What to work on:
Transcribe the listing that follows in full, omitting pictures.

--- Supplied data ---

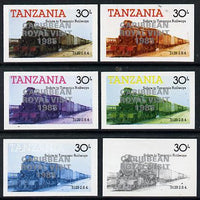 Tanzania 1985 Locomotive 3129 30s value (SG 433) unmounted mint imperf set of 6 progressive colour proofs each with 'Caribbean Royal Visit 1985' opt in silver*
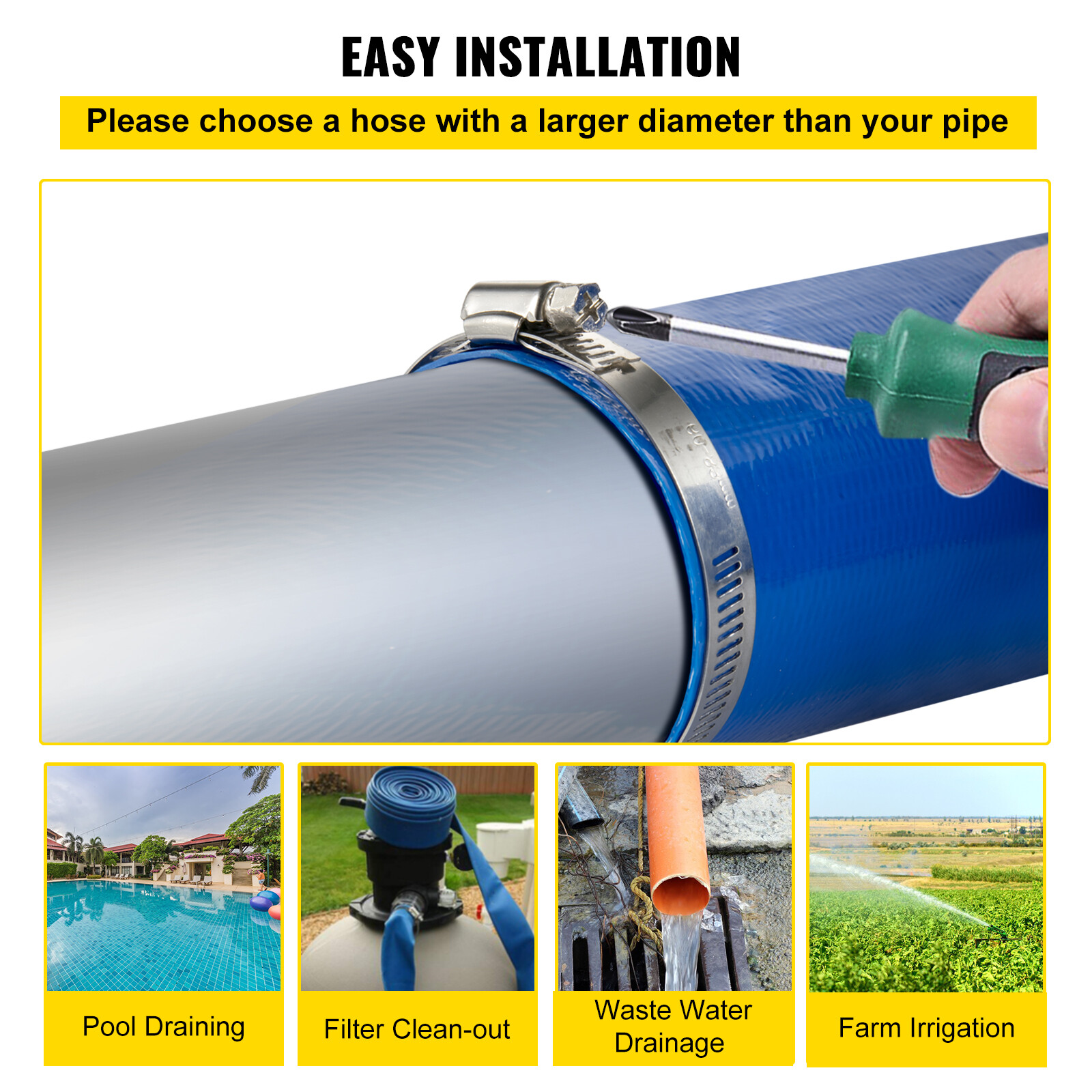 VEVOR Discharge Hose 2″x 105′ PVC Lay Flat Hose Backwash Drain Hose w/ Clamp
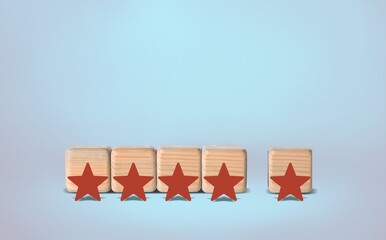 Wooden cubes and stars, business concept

---

Answer to this task:
 Tanzania 1985 Locomotive 3129 30s value (SG 433) unmounted mint imperf set of 6 progressive colour proofs each with 'Caribbean Royal Visit 1985' opt in silver*
 VEVOR Discharge Hose 2″x 105′ PVC Lay Flat Hose Backwash Drain Hose w/ Clamp
 Wooden cubes and stars, business concept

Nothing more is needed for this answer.